Baisse d'ici 2030 de 50 % des risques et de l'utilisation des pesticides, de 20 % de l'utilisation des engrais, de 50 % du recours aux antibiotiques en élevage mais aussi un objectif de 25 % de surfaces en agriculture biologique. La Commission européenne a officiellement lancé le 20 mai ses stratégies « de la ferme à la table » et « biodiversité à l'horizon 2030 » qui fixent un cap ambitieux pour le verdissement des systèmes alimentaires européens dans les dix prochaines années. « C'est la première fois que nous disposons d'un agenda intégré et global qui recouvre tous les stades de l'approvisionnement alimentaire de l'agriculteur au consommateur », se félicite la commissaire européenne à la sûreté alimentaire Stella Kyriakides.

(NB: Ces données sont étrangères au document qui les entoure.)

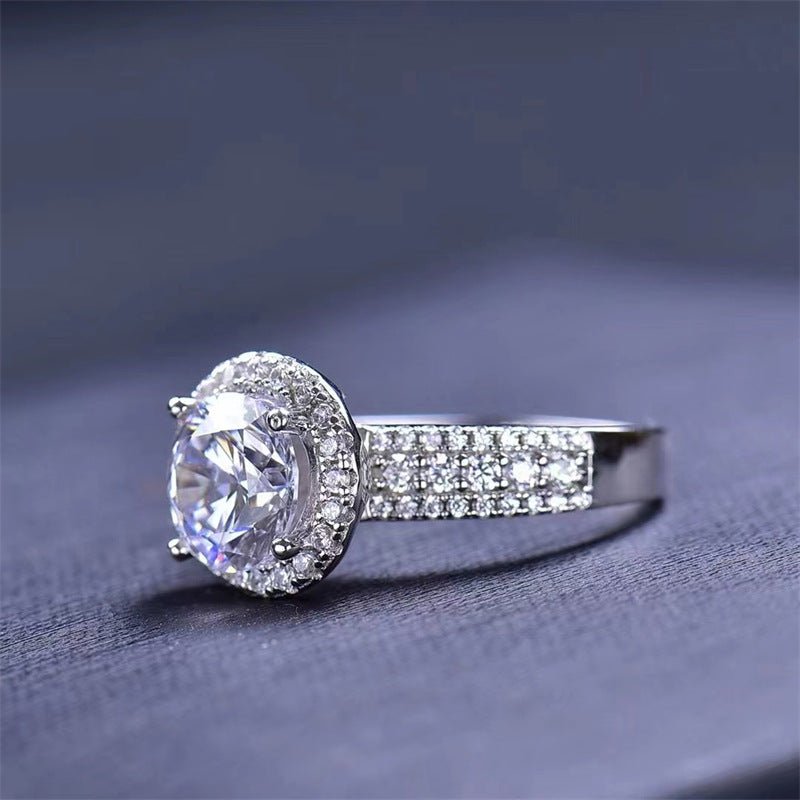 2 Carat Round Halo Moissanite Ring for Women, Pavé Band Engagement Ring, Sizes 9-19 – view 3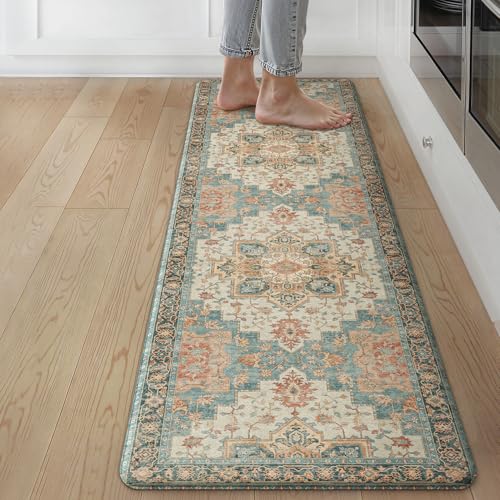 GENIMO Anti Fatigue Kitchen Mats for Floor 17"X59", Runner Rug,Peach - color: Peach, size: 59"L x 17.3"W x 0.4"Th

La stratégie « de la ferme à la table » prévoit en effet 27 initiatives qui seront précisées au fur et à mesure dans les prochains mois et années. Parmi celles-ci : un plan d'action pour l'agriculture biologique en 2020, des recommandations à chaque État membre concernant les plans stratégiques de la Pac fin 2020, une révision de la directive sur l'utilisation durable des pesticides en vue de réduire sensiblement leur utilisation en 2022, ou encore une révision de la directive bien-être animal en 2023. Autres éléments clefs des deux stratégies : atteindre une part de 30 % des terres de l'UE protégées dans le cadre du réseau Natura 2000, au moins 10 % de la surface agricole utilisée consacrée à des surfaces de haute diversité, la baisse du gaspillage alimentaire et la lutte contre les fraudes.

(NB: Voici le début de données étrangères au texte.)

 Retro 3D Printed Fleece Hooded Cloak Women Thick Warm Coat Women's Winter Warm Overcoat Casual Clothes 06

Et pour atteindre tous ces objectifs la Commission aura recours à la future Pac (en particulier les éco-régimes du premier pilier), à la réglementation (pesticides, OGM, bien-être animal...) et à l'information des consommateurs avec en particulier un nouveau système d'étiquetage à l'avant des produits alimentaires (valeur nutritionnelle, durabilité, voire origine). Pour les secteurs de l'alimentation (agriculture et pêche réunies), le vice-président de la Commission européenne en charge du Green deal assure que la transition proposée peut accroître la valeur de la production de 50 milliards d'euros. « Les agriculteurs sont les gardiens de nos terres. Ces stratégies doivent renforcer leur rôle sans laisser personne sur le côté », promet-il.

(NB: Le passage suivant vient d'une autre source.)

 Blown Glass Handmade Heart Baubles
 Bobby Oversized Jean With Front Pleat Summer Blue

Réactions et incompréhension
La Copa-Cogeca, principal syndicat agricole européen, a indiqué par l'intermédiaire de son président Joachim Rukwied : « Nous voulons poursuivre notre chemin vers une agriculture respectueuse de l'environnement et investir plus. Mais ces stratégies s'y prennent mal. Elles représentent une attaque généralisée sur l'agriculture européenne ». Du côté de la FNSEA, les plans « de la ferme à la table » et biodiversité « conduiront l'agriculture européenne dans une impasse », malgré « les bonnes intentions et les idées générales de bon sens qui ne peuvent que rassembler tout un chacun ». Dans un communiqué paru le 20 mai, la FNSEA estime que Bruxelles entraîne l'agriculture européenne dans « une voie de décroissance avec un impact environnemental incertain qui conduira, par contre, de façon certaine à une augmentation des importations de l'alimentation des Européens ». Elle ajoute que ces importations cumulent « très souvent l'usage de produits phytosanitaires interdits dans l'UE ou la déforestation », et engendrent « une délégation de notre alimentation à des pays tiers ». Or, note-t-elle, « le président de la République n'a-t-il pas dit, lui-même, que ce serait une folie dans son discours du 12 mars ? » Illustrant son propos dans le secteur des grandes cultures, la FNSEA estime que ces plans conduiraient à une baisse d'un tiers des volumes de production, « largement de quoi faire plonger encore un peu plus notre balance commerciale ».